Ciò analogamente a quanto avviene nel il processo civile ordinario giusta le modifiche apportate dall’art. 16, comma 4, del d.l. n. 179 del 2012, conv., con modif., dalla l. n. 221 del 2012 per effetto del quale “le comunicazioni e notificazioni a cura della cancelleria si effettuano, per via telematica, all’indirizzo di posta elettronica certificata (PEC) del destinatario e la trasmissione del documento informatico, equivalente alla notificazione a mezzo posta, si intende perfezionata, con riferimento alla data ed all’ora della sua ricezione, quando la stessa sia avvenuta in conformità alle disposizioni di cui al d.P.R. n. 68 del 2005, il cui art. 6 stabilisce che il gestore della PEC utilizzata dal destinatario deve fornire al mittente, presso il suo indirizzo elettronico, la cd. ricevuta di avvenuta consegna (RAC), che costituisce, quindi, il documento idoneo a dimostrare, fino a prova del contrario, che il messaggio informatico è pervenuto nella casella di posta elettronica del destinatario” (Cass. sez. 1, 22 dicembre 2016, n. 26773; conforme Cass. sez. 1, 26 novembre 2018, n. 30532).
Anche nel processo tributario, pertanto, la comunicazione via PEC, nel regime dell’art. 16, comma Ibis citato, si deve intendere perfezionata con le medesime modalità.
Non può ritenersi, alla luce della documentazione agli atti, sussistente, a carico della ricorrente, l’onere della allegazione o della prova della circostanza negativa idonea a vincere la presunzione di conoscenza che si crea solo per effetto della generazione della ricevuta di accettazione di ricevuta e consegna (cfr. Cass. sez.
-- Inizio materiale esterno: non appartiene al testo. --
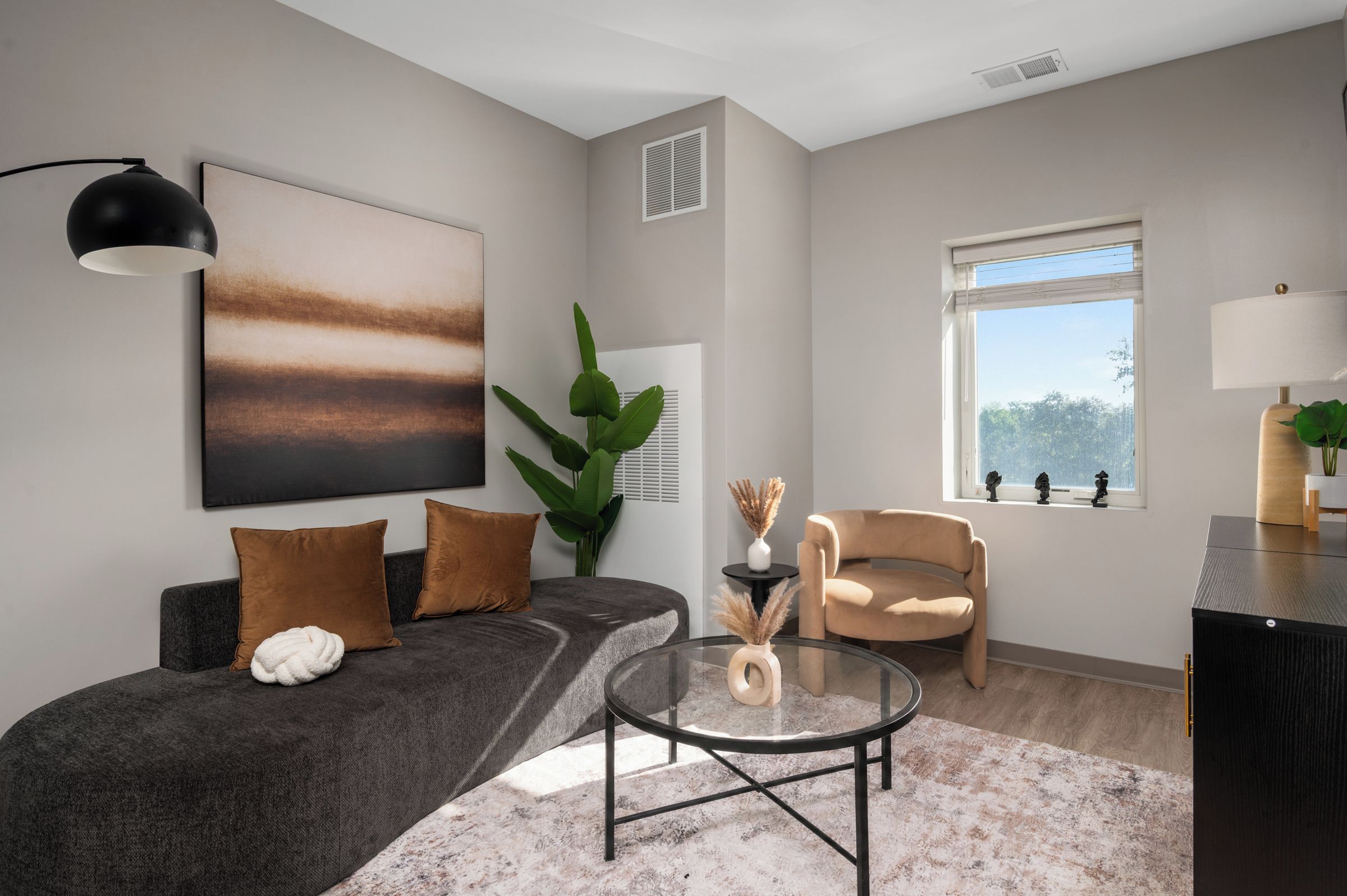 Ein modernes Wohnzimmer mit einem grauen Sofa, einem runden Couchtisch und einem beigen Sessel.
L., 21 febbraio 2020, n. 4624).
La conseguenza della mancata prova della comunicazione della data di udienza di trattazione davanti alla CTR è quella della nullità della sentenza.
Peraltro, nel caso specifico, l’eccezione di omessa comunicazione è stata formulata con la contestuale indicazione dell’attività processuale “pregiudicata” consistita nella mancata possibilità di chiedere un differimento della predetta udienza per depositare la motivazione della sentenza di assoluzione della legale rappresentante della N.P.S. la cui motivazione è stata depositata il 2.12.2013, ovvero dopo la trattazione della causa in appello.
Costituisce arresto assolutamente pacifico quello secondo cui “nel processo tributario, la comunicazione della data di udienza, ai sensi dell’art. 31 del d.lgs n. 546 del 1992, applicabile anche ai giudizi di appello in relazione al richiamo operato dall’art. 61 del medesimo decreto, adempie ad un’essenziale funzione di garanzia del diritto di difesa e del principio del contraddittorio, sicché l’omessa comunicazione alle parti, almeno trenta giorni prima, dell’avviso di fissazione dell’udienza di discussione, determina la nullità della decisione comunque pronunciata” (Cass. sez. 6-5, 11 luglio 2018, n. 18279; conformi Cass. sez. 6-5-, 29 gennaio 2016, n. 1786, Cass. sez. 6-5, 14 maggio 2013, n. 11487).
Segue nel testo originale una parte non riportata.